■ Assigned task
Repeat each line of the material below exactly as it appears, minus any pictures.

*-*-*

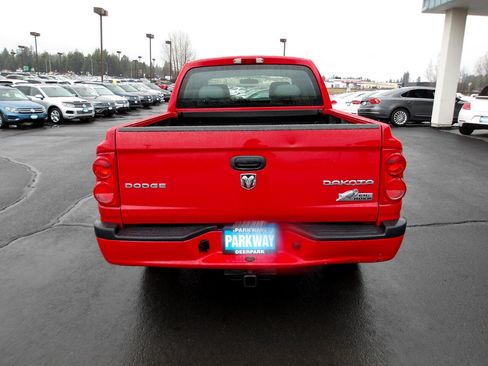 Used 2010 Dodge Dakota Big Horn image 4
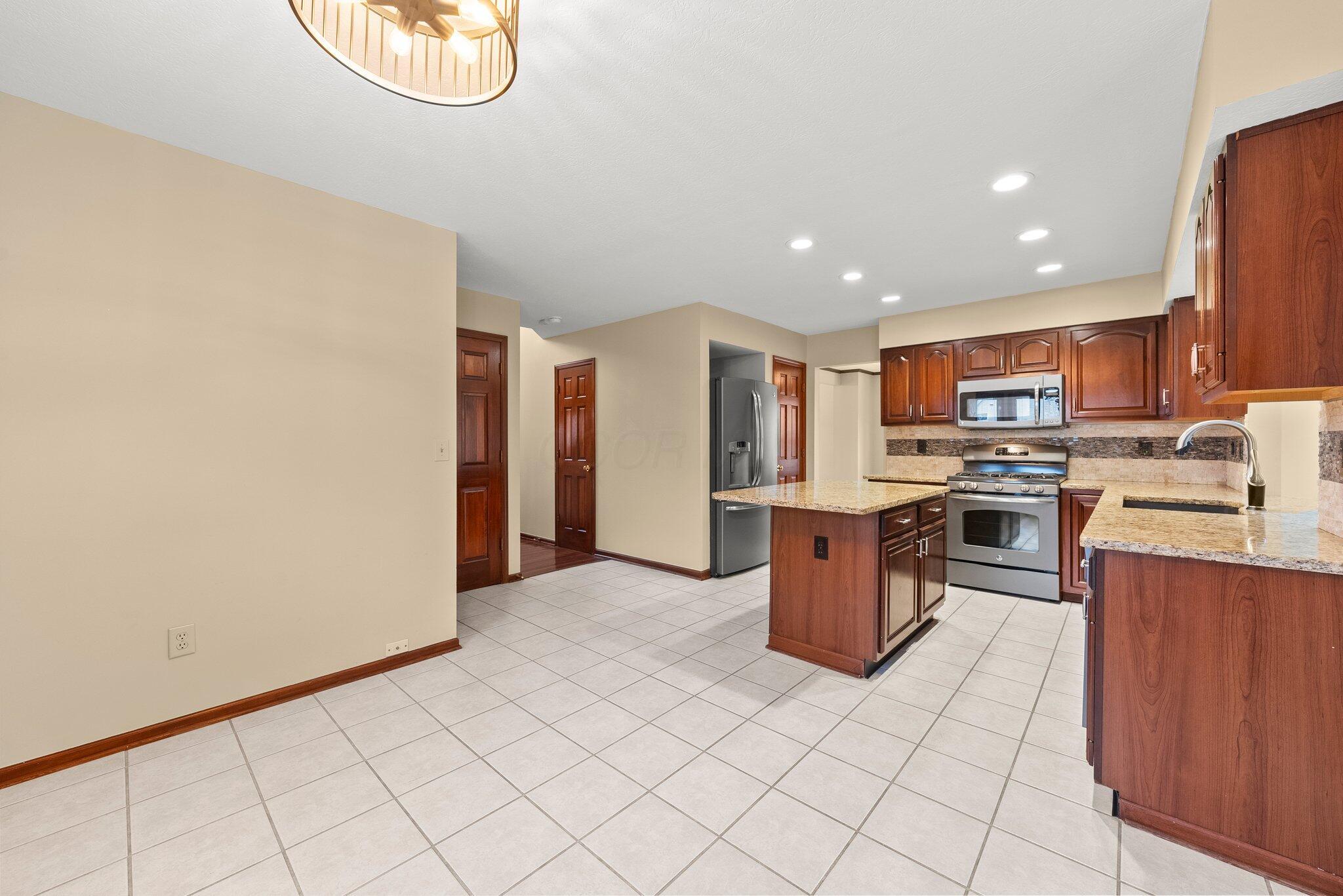 4653 Goodman Street Property Photo 16
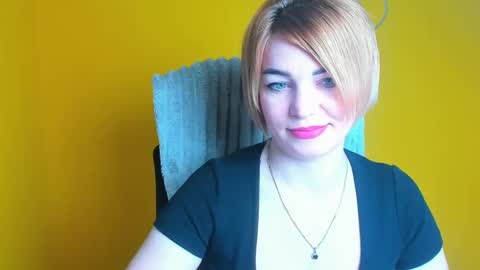 Jennifer online show from April 12, 2026, 5:56 am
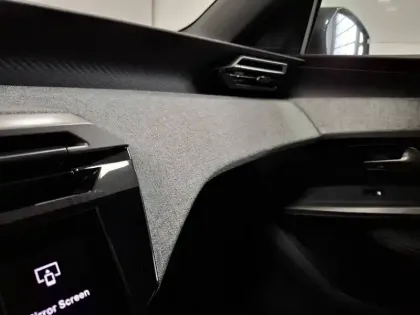 Photo 23 Peugeot 5008  Hybrid 136 e-DCS6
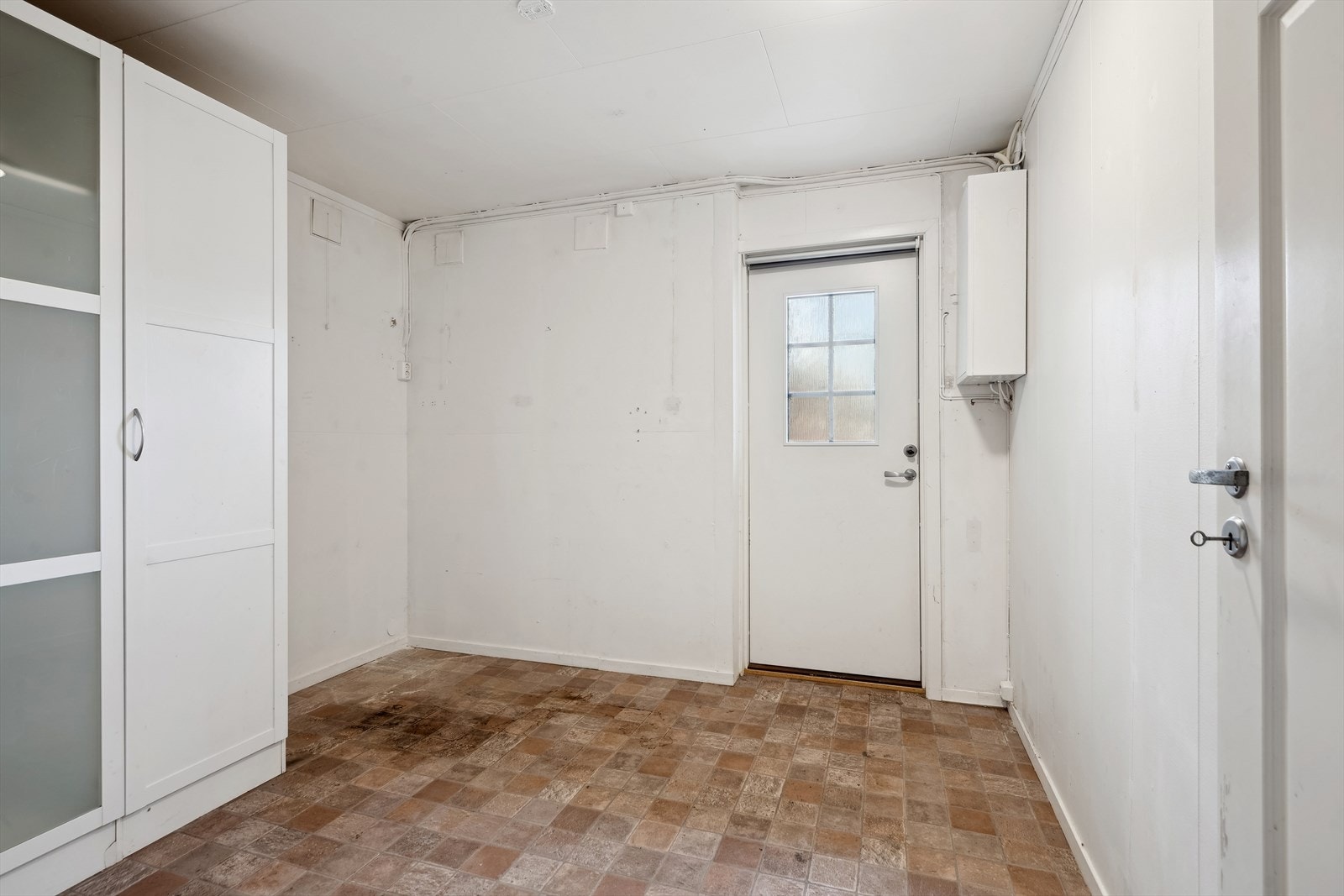 Kjellergangen har stort potensial - med god plass til skap og lagring kan dette rommet enkelt tilpasses dine behov! Galleribilde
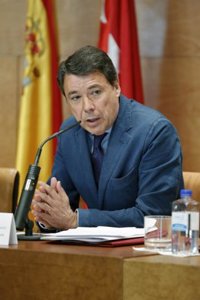González cree que "si alguien ha provocado miradas torticeras" entre CC.AA. será Montoro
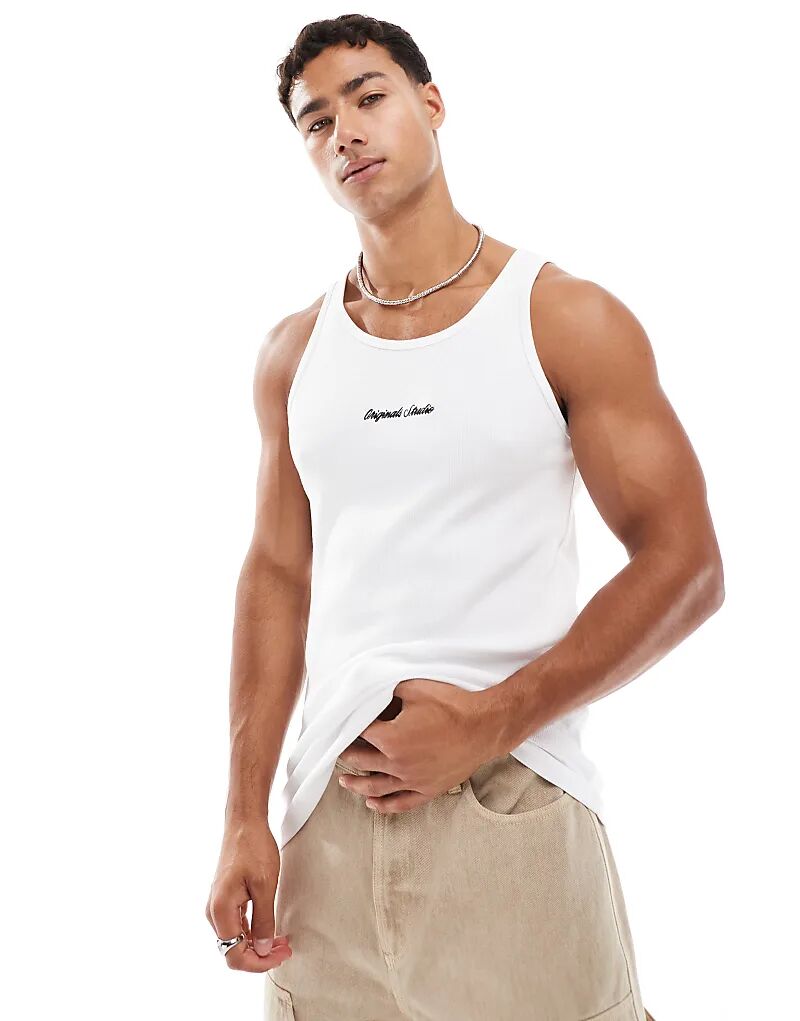 Ребристый жилет Jack & Jones с вышивкой белого цвета
Ребристый жилет Jack & Jones с вышивкой белого цвета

*-*-*

■ Task solution
 Used 2010 Dodge Dakota Big Horn image 4
 4653 Goodman Street Property Photo 16
 Jennifer online show from April 12, 2026, 5:56 am
 Photo 23 Peugeot 5008  Hybrid 136 e-DCS6
 Kjellergangen har stort potensial - med god plass til skap og lagring kan dette rommet enkelt tilpasses dine behov! Galleribilde
González cree que "si alguien ha provocado miradas torticeras" entre CC.AA. será Montoro
 Ребристый жилет Jack & Jones с вышивкой белого цвета
Ребристый жилет Jack & Jones с вышивкой белого цвета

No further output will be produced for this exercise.